Working out of your comfort zone is more mental than physical. Get past the fear of breaking bodylines and not turning out. Focus on each aspect of your body individually, then learn to work these parts as a unit. Visualize how you want to move and what you want to look like.

Wow Factor

The key to a winning routine in any competition category is to keep your moves fresh. It’s no different for hip hop, a style that often fuses set choreography with improvised breaking, popping and locking. Tricks such as freezes, power moves and flips (or floorwork, if a competition doesn’t allow tumbling) will impress judges much more than gyrating to the beat.

 

Take as many popping, locking and breaking classes as you can from reputable master teachers. Once you have a foundation in these styles, you can experiment with making them your own. “The more we can create new moves while staying true to basic hip-hop technique, the more we can keep hip hop from being thought of as just ‘booty shaking,’” says Massenoir.
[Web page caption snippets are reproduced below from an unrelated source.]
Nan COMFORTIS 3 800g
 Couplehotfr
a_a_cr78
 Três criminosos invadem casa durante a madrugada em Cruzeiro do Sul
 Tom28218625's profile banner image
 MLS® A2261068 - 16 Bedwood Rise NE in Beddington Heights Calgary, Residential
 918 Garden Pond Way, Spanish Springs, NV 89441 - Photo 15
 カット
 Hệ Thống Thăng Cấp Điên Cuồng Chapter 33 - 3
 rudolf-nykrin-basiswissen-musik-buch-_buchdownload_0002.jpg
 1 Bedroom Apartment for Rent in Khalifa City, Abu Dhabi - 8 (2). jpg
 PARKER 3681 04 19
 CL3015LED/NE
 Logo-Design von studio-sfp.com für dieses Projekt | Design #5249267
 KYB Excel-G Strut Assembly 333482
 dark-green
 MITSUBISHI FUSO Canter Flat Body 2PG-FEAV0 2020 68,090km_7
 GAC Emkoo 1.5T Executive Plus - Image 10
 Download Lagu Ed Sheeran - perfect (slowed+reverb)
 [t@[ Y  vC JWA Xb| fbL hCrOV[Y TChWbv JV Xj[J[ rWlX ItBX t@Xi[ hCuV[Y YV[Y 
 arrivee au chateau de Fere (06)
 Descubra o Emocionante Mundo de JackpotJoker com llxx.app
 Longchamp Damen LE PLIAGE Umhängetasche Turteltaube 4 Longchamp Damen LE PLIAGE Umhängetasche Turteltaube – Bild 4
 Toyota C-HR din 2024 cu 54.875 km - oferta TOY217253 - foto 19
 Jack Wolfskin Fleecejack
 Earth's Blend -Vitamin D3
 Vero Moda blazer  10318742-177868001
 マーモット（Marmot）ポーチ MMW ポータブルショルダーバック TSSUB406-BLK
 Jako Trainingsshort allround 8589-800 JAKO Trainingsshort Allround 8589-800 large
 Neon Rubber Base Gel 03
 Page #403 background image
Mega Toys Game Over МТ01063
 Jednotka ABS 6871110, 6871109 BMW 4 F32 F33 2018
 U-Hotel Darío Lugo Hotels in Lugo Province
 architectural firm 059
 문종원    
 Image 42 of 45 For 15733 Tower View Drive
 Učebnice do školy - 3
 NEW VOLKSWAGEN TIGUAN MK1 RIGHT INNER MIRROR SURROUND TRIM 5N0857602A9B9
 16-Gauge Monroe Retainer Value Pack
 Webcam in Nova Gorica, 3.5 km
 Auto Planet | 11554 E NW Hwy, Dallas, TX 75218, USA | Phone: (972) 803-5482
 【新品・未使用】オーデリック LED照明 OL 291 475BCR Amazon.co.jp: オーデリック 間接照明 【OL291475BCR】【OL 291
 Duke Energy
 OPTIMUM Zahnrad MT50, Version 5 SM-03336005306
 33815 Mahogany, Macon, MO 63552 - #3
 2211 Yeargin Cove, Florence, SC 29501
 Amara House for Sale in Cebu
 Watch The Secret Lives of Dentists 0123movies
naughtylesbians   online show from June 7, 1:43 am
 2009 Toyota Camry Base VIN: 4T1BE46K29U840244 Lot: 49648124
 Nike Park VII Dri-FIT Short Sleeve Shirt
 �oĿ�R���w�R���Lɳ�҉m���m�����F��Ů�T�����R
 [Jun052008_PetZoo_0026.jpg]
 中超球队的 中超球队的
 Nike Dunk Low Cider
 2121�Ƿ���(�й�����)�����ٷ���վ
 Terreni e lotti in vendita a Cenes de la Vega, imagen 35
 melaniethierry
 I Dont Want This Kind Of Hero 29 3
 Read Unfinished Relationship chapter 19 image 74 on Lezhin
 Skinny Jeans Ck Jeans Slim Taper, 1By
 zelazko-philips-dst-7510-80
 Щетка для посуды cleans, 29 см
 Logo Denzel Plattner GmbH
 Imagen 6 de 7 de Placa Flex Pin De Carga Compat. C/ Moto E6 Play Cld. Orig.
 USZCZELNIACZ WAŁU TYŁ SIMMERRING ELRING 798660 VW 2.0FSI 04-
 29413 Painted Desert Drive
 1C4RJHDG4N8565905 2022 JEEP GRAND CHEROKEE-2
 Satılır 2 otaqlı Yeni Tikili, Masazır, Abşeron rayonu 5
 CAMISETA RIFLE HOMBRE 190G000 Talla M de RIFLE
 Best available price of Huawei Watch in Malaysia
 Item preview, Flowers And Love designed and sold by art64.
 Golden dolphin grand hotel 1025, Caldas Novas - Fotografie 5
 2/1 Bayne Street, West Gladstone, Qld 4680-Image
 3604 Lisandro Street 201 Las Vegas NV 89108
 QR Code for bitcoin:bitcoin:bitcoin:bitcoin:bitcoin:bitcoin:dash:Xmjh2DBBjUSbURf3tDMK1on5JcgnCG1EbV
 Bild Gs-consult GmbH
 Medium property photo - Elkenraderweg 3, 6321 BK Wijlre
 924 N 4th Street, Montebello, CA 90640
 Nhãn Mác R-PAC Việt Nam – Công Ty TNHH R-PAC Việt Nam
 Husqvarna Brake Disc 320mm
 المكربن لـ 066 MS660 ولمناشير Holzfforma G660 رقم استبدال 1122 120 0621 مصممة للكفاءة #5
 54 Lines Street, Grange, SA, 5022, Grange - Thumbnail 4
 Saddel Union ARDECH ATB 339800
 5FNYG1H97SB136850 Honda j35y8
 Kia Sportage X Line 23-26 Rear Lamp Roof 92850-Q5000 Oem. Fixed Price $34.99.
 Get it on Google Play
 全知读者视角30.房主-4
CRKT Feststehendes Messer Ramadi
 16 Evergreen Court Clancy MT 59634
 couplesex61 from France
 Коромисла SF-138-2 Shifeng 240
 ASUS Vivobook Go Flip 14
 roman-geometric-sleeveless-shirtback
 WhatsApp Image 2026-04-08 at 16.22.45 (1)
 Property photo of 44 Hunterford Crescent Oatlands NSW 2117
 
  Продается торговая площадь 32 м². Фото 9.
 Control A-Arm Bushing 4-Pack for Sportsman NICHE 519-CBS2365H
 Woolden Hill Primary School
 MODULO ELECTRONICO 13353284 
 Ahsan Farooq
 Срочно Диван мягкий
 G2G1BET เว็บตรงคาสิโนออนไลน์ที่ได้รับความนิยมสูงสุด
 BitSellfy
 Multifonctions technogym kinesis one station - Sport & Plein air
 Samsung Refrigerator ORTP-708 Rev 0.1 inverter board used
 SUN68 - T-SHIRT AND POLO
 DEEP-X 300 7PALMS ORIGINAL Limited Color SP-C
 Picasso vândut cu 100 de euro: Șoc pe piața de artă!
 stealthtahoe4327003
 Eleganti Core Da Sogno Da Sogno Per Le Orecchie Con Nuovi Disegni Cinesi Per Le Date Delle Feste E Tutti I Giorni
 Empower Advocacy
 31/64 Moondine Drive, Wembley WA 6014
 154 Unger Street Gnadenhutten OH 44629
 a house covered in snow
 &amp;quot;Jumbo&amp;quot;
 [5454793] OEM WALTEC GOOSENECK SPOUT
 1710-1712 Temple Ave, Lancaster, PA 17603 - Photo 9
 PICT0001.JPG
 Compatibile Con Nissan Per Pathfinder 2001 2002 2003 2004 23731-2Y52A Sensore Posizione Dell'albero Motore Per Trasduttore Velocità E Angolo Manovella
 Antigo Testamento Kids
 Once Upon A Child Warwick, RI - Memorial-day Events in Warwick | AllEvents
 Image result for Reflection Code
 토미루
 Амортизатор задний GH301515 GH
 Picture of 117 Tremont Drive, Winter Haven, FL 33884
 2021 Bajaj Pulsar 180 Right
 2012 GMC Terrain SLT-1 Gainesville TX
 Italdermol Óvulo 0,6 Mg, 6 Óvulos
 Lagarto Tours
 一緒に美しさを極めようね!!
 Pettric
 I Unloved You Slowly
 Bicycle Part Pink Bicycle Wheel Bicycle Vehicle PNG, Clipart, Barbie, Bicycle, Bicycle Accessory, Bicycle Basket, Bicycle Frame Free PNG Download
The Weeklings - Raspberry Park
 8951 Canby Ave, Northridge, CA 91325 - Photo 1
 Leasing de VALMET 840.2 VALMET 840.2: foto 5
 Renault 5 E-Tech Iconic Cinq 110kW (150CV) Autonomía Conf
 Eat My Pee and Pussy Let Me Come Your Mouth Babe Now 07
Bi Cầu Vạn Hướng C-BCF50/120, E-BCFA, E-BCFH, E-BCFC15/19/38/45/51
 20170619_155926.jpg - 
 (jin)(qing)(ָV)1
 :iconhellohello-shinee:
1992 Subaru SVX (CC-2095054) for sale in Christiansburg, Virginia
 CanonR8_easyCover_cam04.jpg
Cuomo, whose numbers have scored top honors in the hip-hop category at more than 50 competitions over the last 10 years, says, “Create original themes and blend songs to make a dance one of a kind. Don’t get comfortable as either a dancer or choreographer with the standard. Break the mold.”

 

Attitude and energy are core factors in a hip-hop number. “I want to see a dancer up there with unwavering confidence, saying to me ‘Hey, this beat feels good,’” says Jason Kalish, who judges for Rainbow Connection. Dancers can draw from this energy to create their own stage personality. Kalish clarifies: “If you’re only trying to be cool, you can lose your audience. Make a connection and establish a relationship with them. Let the audience know you see them and make sure they know you’re happy to be wowing them with your moves.”

 

No matter what form it takes, dance is a performance art. You’re onstage to entertain a crowd. At the competition level, it can be easy to lose track of the audience in favor of the judges. Instructors sometimes choreograph for what they believe the judges want and dancers tend to forget there is an audience behind that panel. “I ask my students to put themselves in the audience’s shoes,” says Cuomo. “When they watch performances, I want them to note what they like and [what] stands out to them. Then they need to take those qualities and put them to use when they hit the stage. Entertain the people and the points will follow.”

Raising the Bar

To ensure that the hip hop presented in the competition arena is authentic, studio directors and choreographers have a responsibility to expose themselves to the style. “Although hip hop is very popular right now,” says Kalish, “some groups don’t have qualified teachers and continue to try to pass off jazz routines in sneakers as hip hop. The faster they stop that, the more quickly hip hop will become as respected as other categories.” Adds Massenoir: “Unless you have dancers that have some crazy floor skills while at the same time [a routine that] is flawlessly clean and really uses the body through space, [hip hop] will remain a number two or three category [in comparison to jazz, tap and ballet].”

 

But even if you do have dancers who can pull off a perfect hip-hop number, you’ll still likely be scored by judges who have ballet, tap and jazz backgrounds, with limited hip-hop vocabularies, says Rich Bittner, who has judged for more than a dozen companies. Research judges’ backgrounds before entering a hip-hop routine; if they don’t have strong hip-hop experience, technical jazz moves will likely garner you the most points. If the judges are prolific in hip hop and you still want to submit a routine with technical jazz moves peppered amongst hip-hop moves, enter it in the open category.